_Material for this task:_

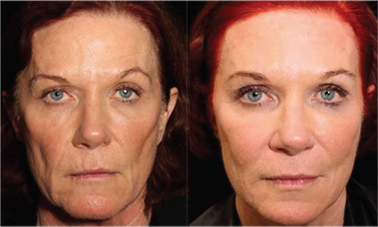 non surgical facelift results before after mississauga oakville toronto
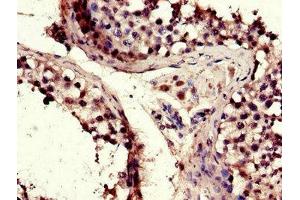 Immunohistochemistry of paraffin-embedded human testis tissue using ABIN7172803 at dilution of 1:100 (TACC3 抗体  (AA 133-268))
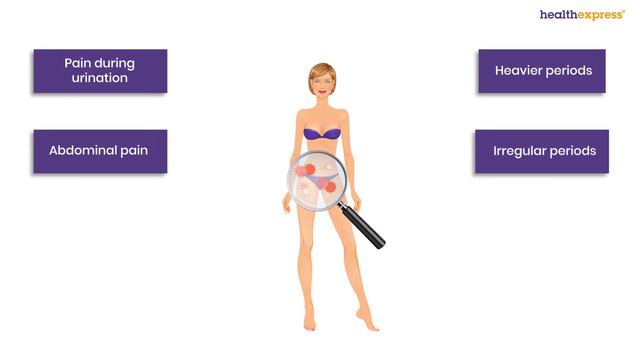 How to know if you have chlamydia: warning signs & symptoms смотреть онлайн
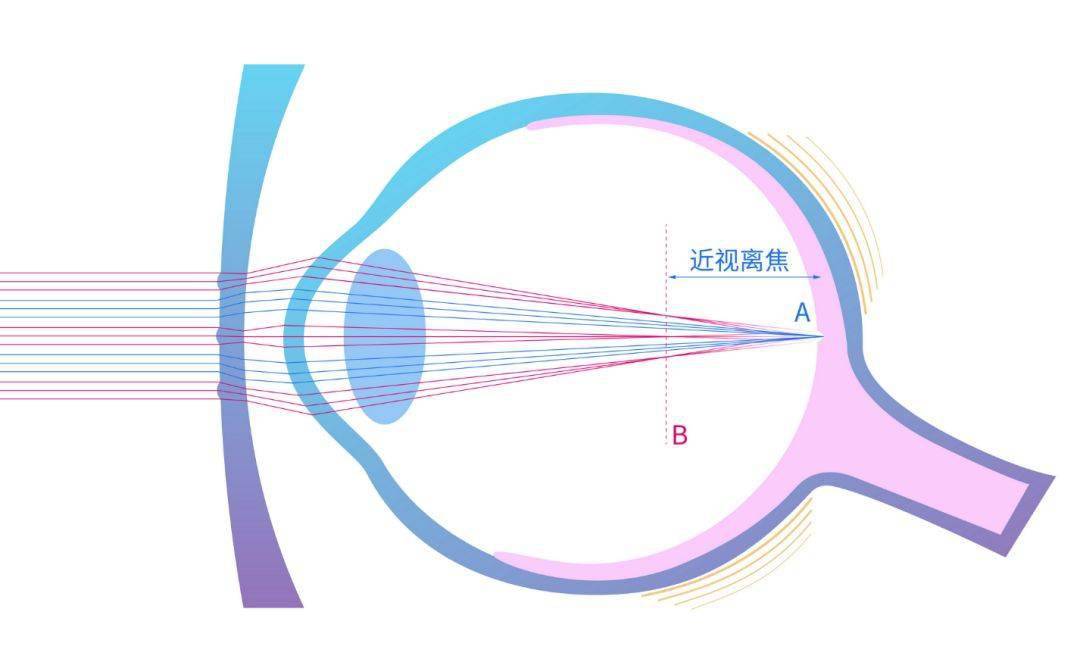 新乐学镜片价格表图片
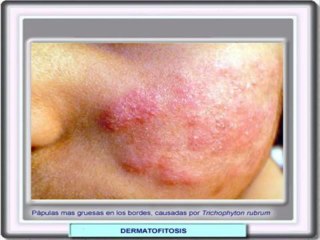 Infecciones Por Hongos No Mas Review - 100% Real & Honest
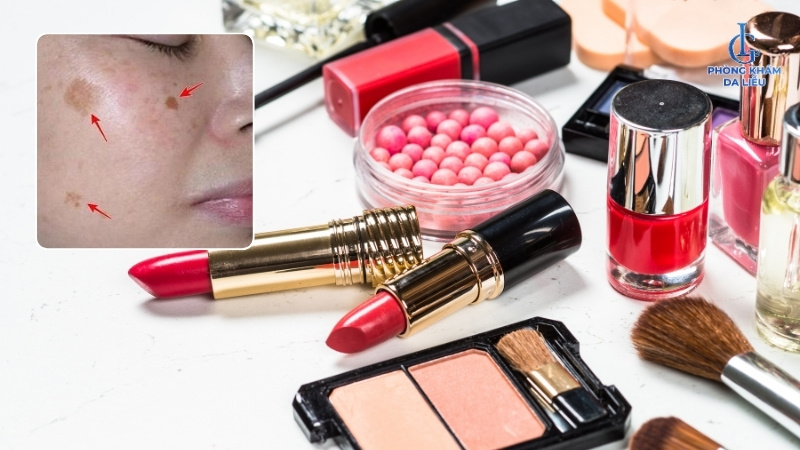 các nguyên nhân gây nám da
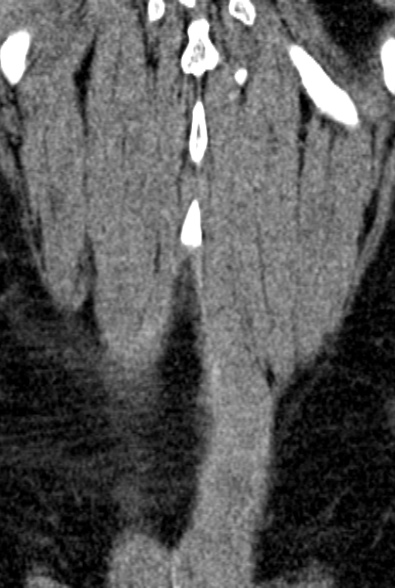 Normal CT lumbar spine (Radiopaedia 53981-60118 F 96).jpg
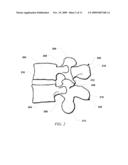 SPINAL STABILIZATION SYSTEM diagram and image
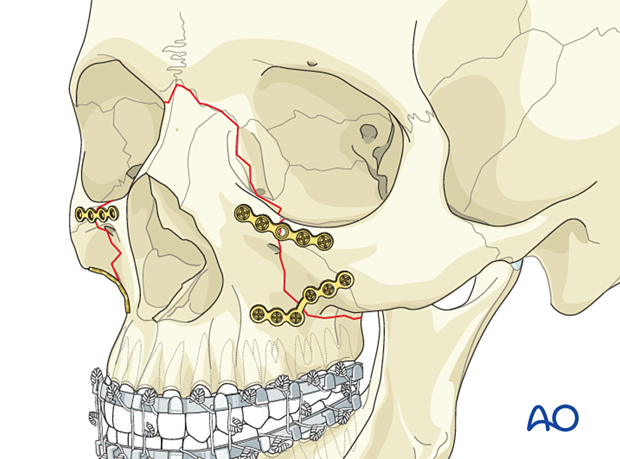 Le Fort II: Open reduction internal fixation - fixation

_Required action:_
What is needed is an exact transcription of every entry, minus the pictures.

_Result for this task:_
 non surgical facelift results before after mississauga oakville toronto
 Immunohistochemistry of paraffin-embedded human testis tissue using ABIN7172803 at dilution of 1:100 (TACC3 抗体  (AA 133-268))
 How to know if you have chlamydia: warning signs & symptoms смотреть онлайн
 新乐学镜片价格表图片
 Infecciones Por Hongos No Mas Review - 100% Real & Honest
 các nguyên nhân gây nám da
 Normal CT lumbar spine (Radiopaedia 53981-60118 F 96).jpg
 SPINAL STABILIZATION SYSTEM diagram and image
 Le Fort II: Open reduction internal fixation - fixation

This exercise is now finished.